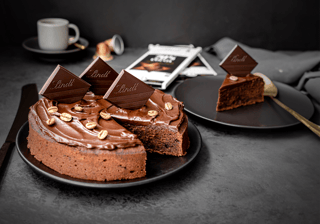 Lor Lindt Page Recipe  Cake 640x450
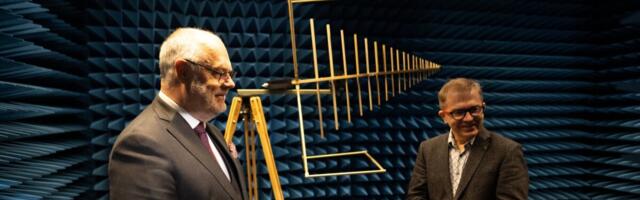 President külastas kahte Eesti tehnoloogiaäri ning tutvus ka Ukraina sõjas kasutatavate toodetega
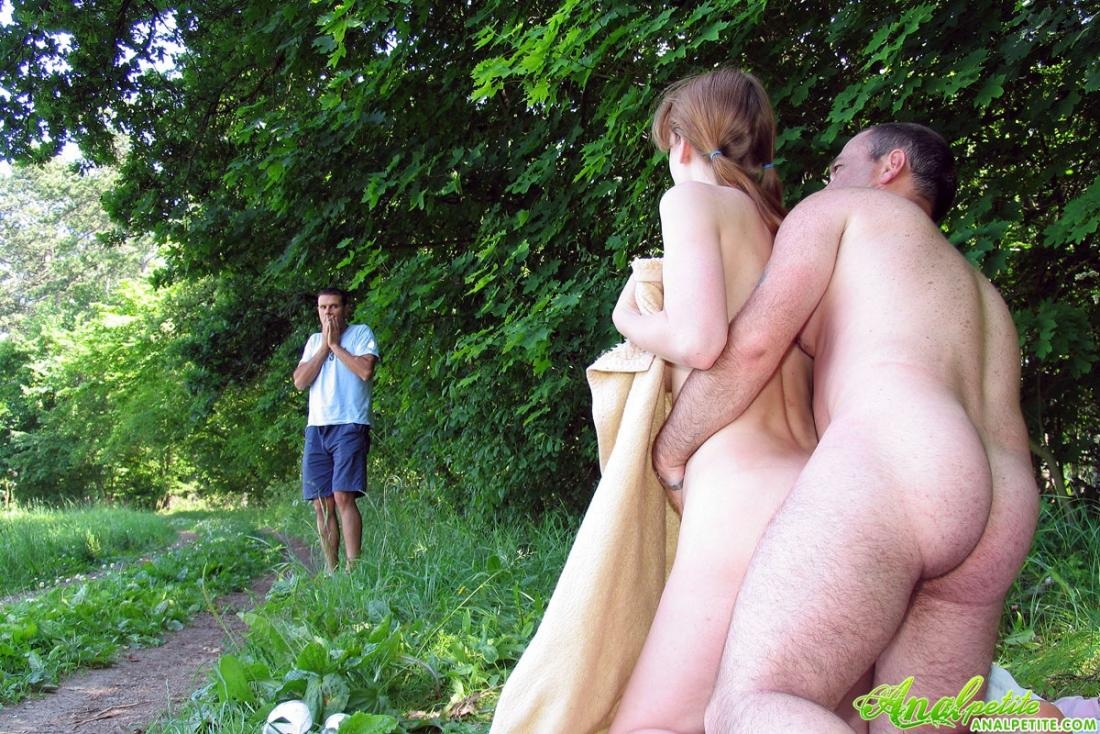 Голые мужчины и женщины на даче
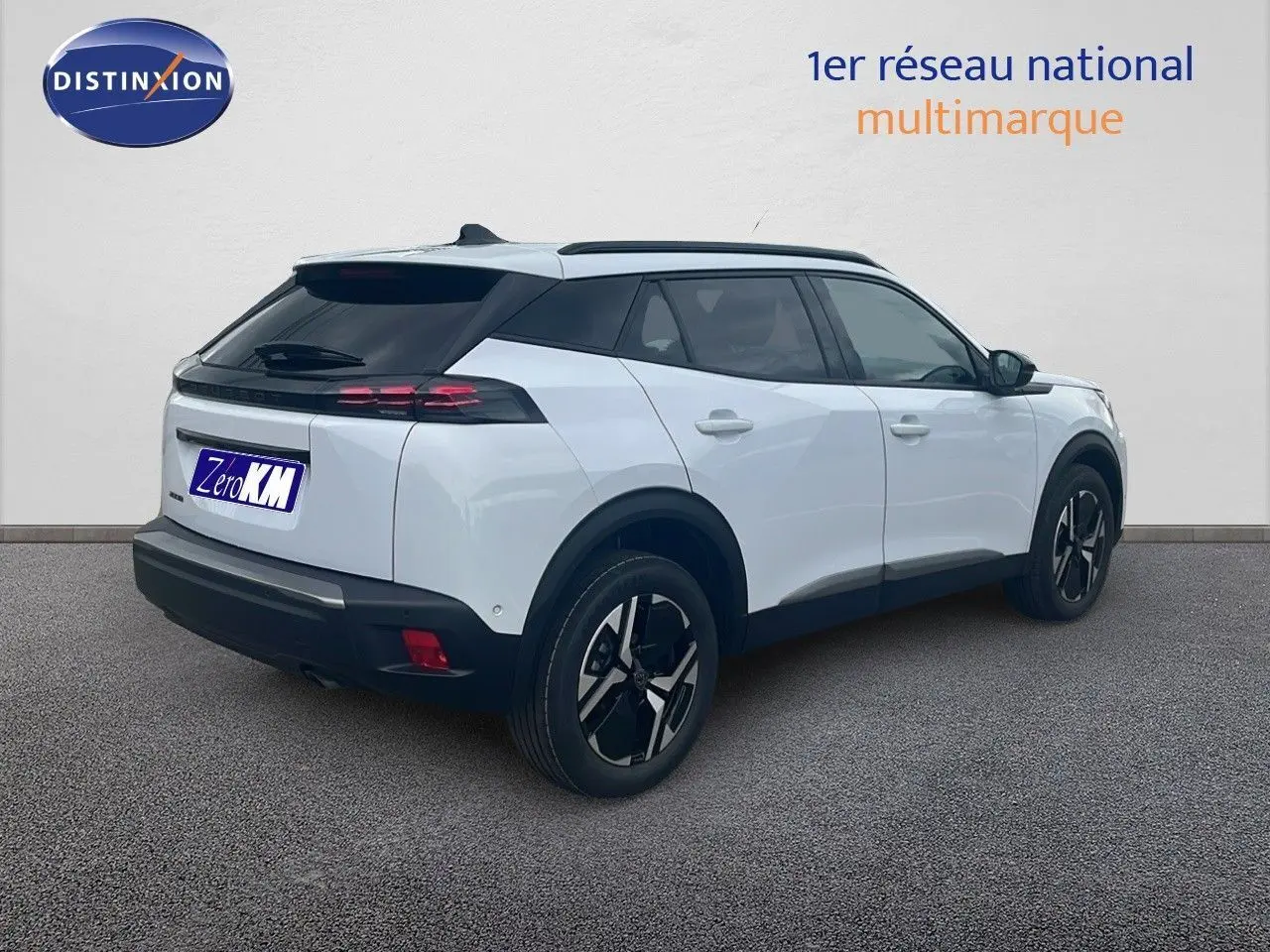 Peugeot 2008 blanc Okenite métal en 3/4 arrière côté droit, avec toit noir et jantes bicolores.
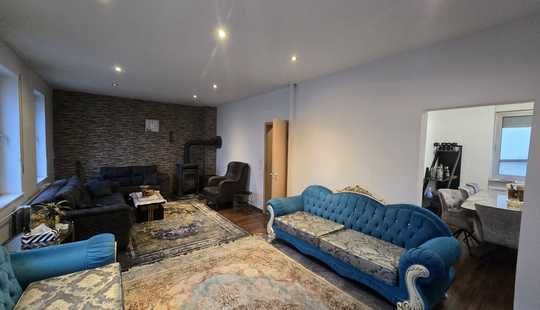 Bild von Freistehendes Einfamilienhaus mit Scheune und Entwicklungspotenzial in ruhiger Wohnlage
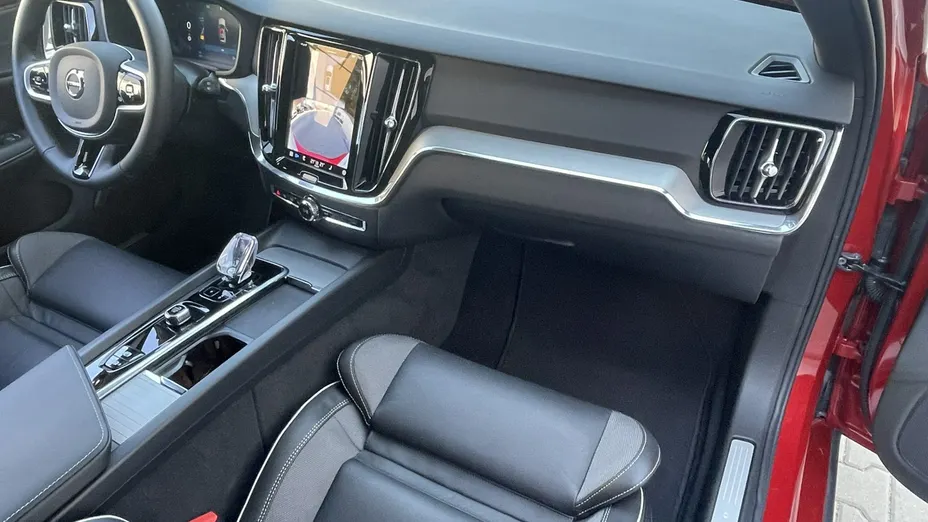 VOLVO V60 -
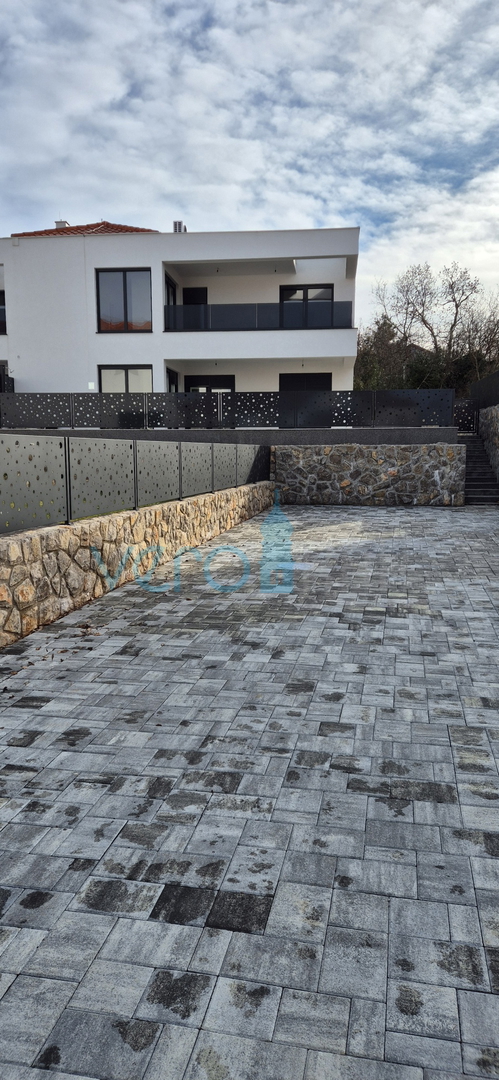 Isola di Krk, Malinska, nuova costruzione, casa moderna con piscina, giardino, vista, vendita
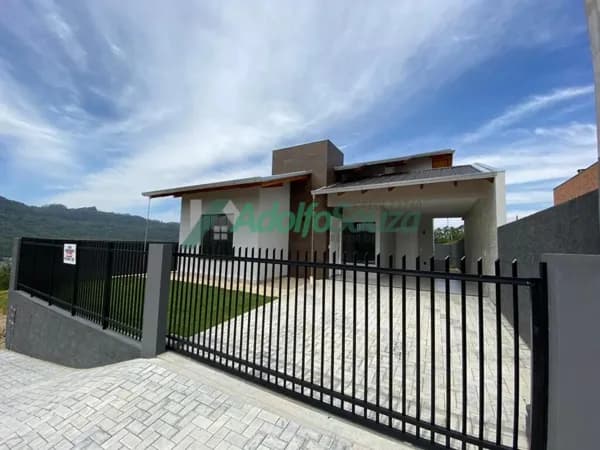 EXCELENTE OPORTUNIDADE DE ADQUIRIR JÁ SUA CASA DE ALVENARIA EM RIO DO SUL-SC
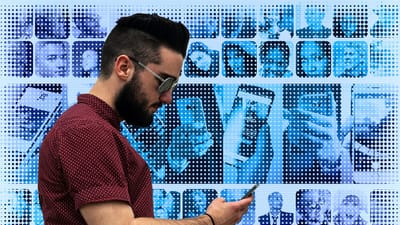 gens, réseau, smartphone, main, photomontage, visages, gallerie de photos, monde, population, médias, système, web, nouvelles, connexion, lié, uns avec les autres, ensemble, effort, commentaires, relation, fraternité, démocratisation, service, numérique, un égal, impression, impressions, copains, amical, relation amicale, paix, communauté, travail communautaire, coopérative, global, mondialisation, grouper, action, interaction, collaboration, collégial, la communication, consommateur, coopérer, 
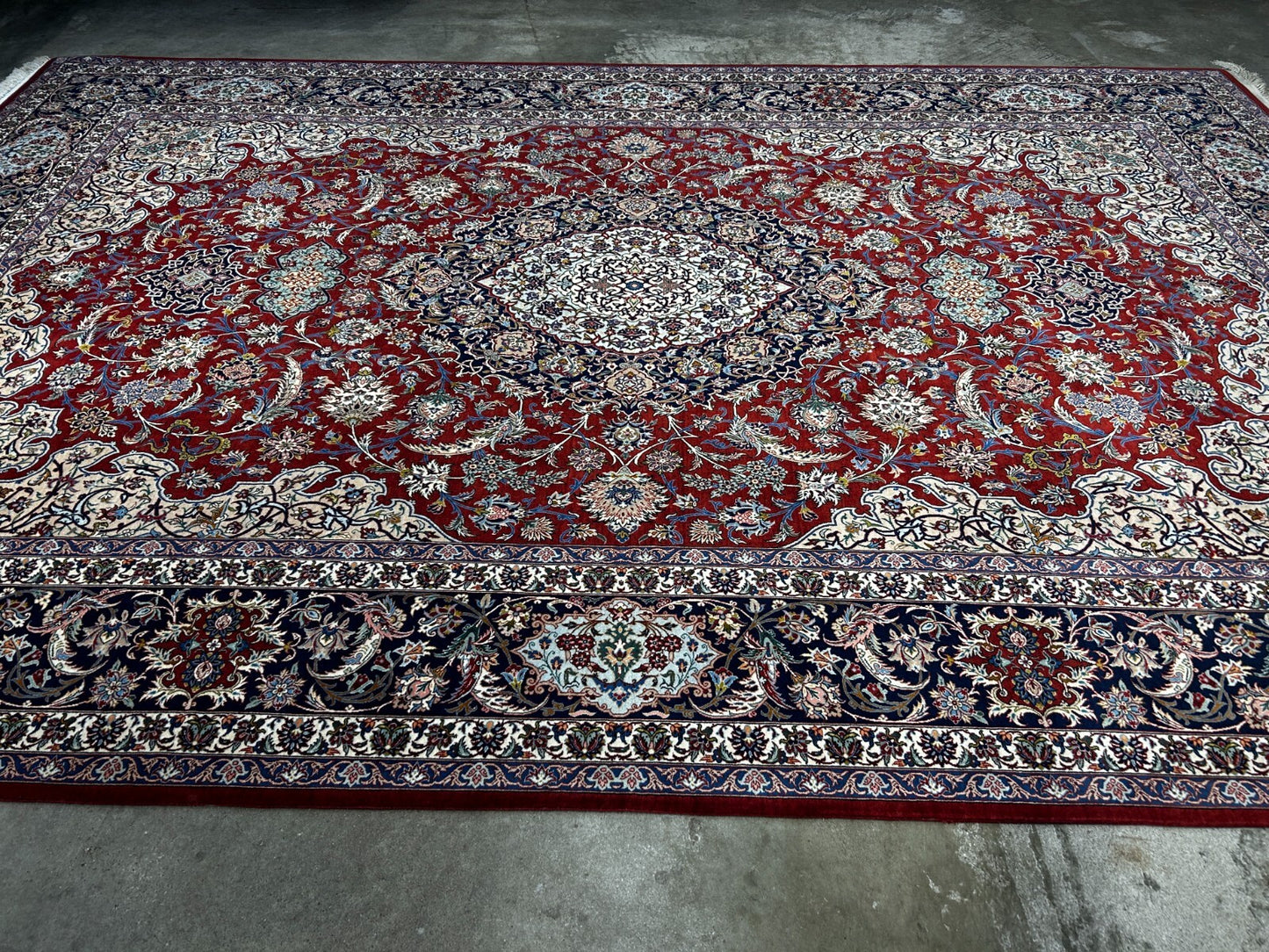 8'1"x11'9" Extra Fine Hand-Knotted Wool & Silk Isfahane Rug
_ _ _ _ _
### What is being asked:
The copy should hold exactly the lines above from the one with "Bild von Freistehendes" through the one with "EXCELENTE OPORTUNIDADE DE", both ends counted, and no pictures at all.

### Solution to this task:
 Bild von Freistehendes Einfamilienhaus mit Scheune und Entwicklungspotenzial in ruhiger Wohnlage
 VOLVO V60 -
 Isola di Krk, Malinska, nuova costruzione, casa moderna con piscina, giardino, vista, vendita
 EXCELENTE OPORTUNIDADE DE ADQUIRIR JÁ SUA CASA DE ALVENARIA EM RIO DO SUL-SC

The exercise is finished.